Ever try to explain geological time to a 3 year old?
Soph, like many preschoolers, digs the dinosaurs. We've talked in the past about how dinosaurs are not around anymore--how they were alive a long long time ago. Of course, to a 3 year old, a long long time is how long ago Christmas was.
So--we were looking at a dinosaur book that had some pictures of dinosaur bones in a museum. Also of note, we took Sophie and Janzen to the dinosaur museum a few months ago. Soph began to explain to me how the dinosaurs all died in museums (convenient--eh) and then the people took their skin off and their guts out and hung them up with ropes. She was very confident that she had figured the whole dinosaur thing out.
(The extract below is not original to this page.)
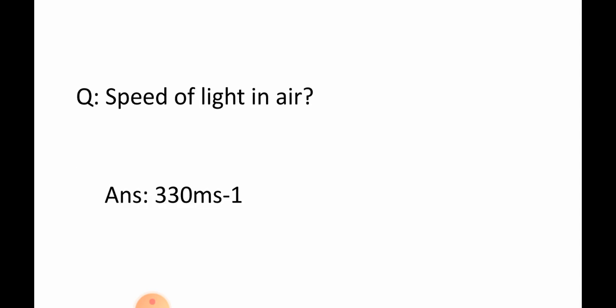Speed of light in air. Answer: 3 × 10^8 m/s.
I tried to explain to her that the dinosaurs lived a REALLY long time ago. Before Disneyland. Before cars. Before people even. She didn't buy that for a minute. Before people? Whatever mom. I'll stick with the dinosaur skin peeling thanks. You're nuts.
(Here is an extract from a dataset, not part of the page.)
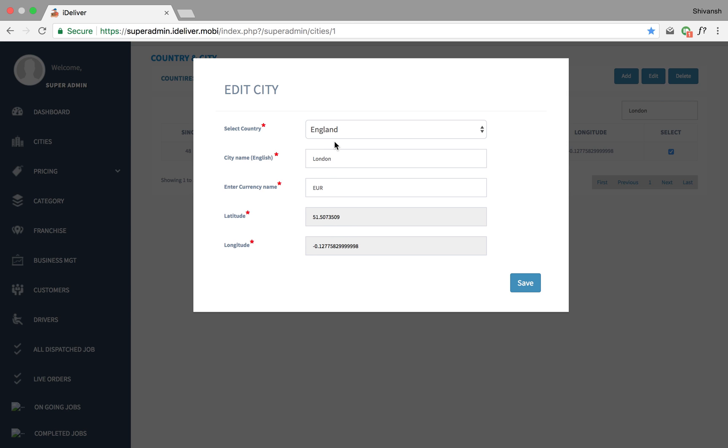Obviously the city can be changed based on the country itself. So only if you have added a country already in the last step that will populate here and nothing else.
Kind of tricky. The origins of life on the planet and the universe and everything. I guess I could have told her God did it, but I have a feeling she would have found that as ridiculous as the "before people" bit.
I've decided that folks began religions and mythologies because they needed something to say when their kids asked them questions. "Mom, why are their wieners?" "Mom, when will I be big?" "Mom, who made words?" I need a better answer than--"Umm."
3 comments:
WOW! Before Disneyland?
It would be a hell of a lot easier to answer "Because God made it so" to every question. Hmmm. You might have just converted me.
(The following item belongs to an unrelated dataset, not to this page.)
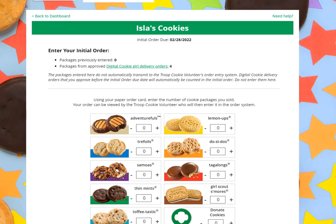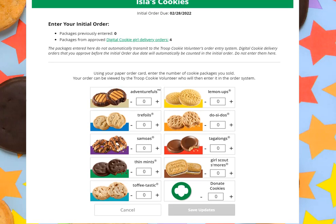Note that any cookies approved for girl delivery will show if they're included in your initial order here, so you don't have to order them again — they will be taken care of for you. From there, you might be taking your paper order card from your Girl Scout and adding in the number of packages she has on her order card.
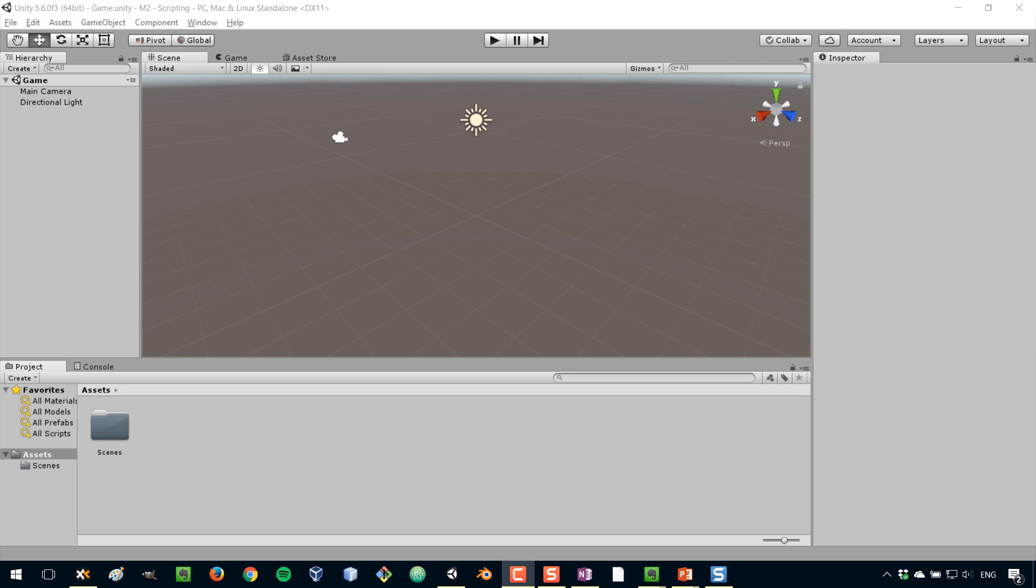The Unity Editor can help you with many things, but there will come a time when you will want to implement your own custom logic and the logic for your game. For that, you need to learn scripting.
well, why ARE there weiners?
Yeah, Liv has been in a very existentially inquisitive mode lately, and completely unwilling to take "I don't know" for an answer. Love trying to explain why if she goes to heaven to see her old fish Jador she won't be able to come back while I'm folding laundry and writing up a chore list in my head.
Gotta love the requests for definitions, too. "What does "for" mean?" Fucked if I know, my love. Ask Webster.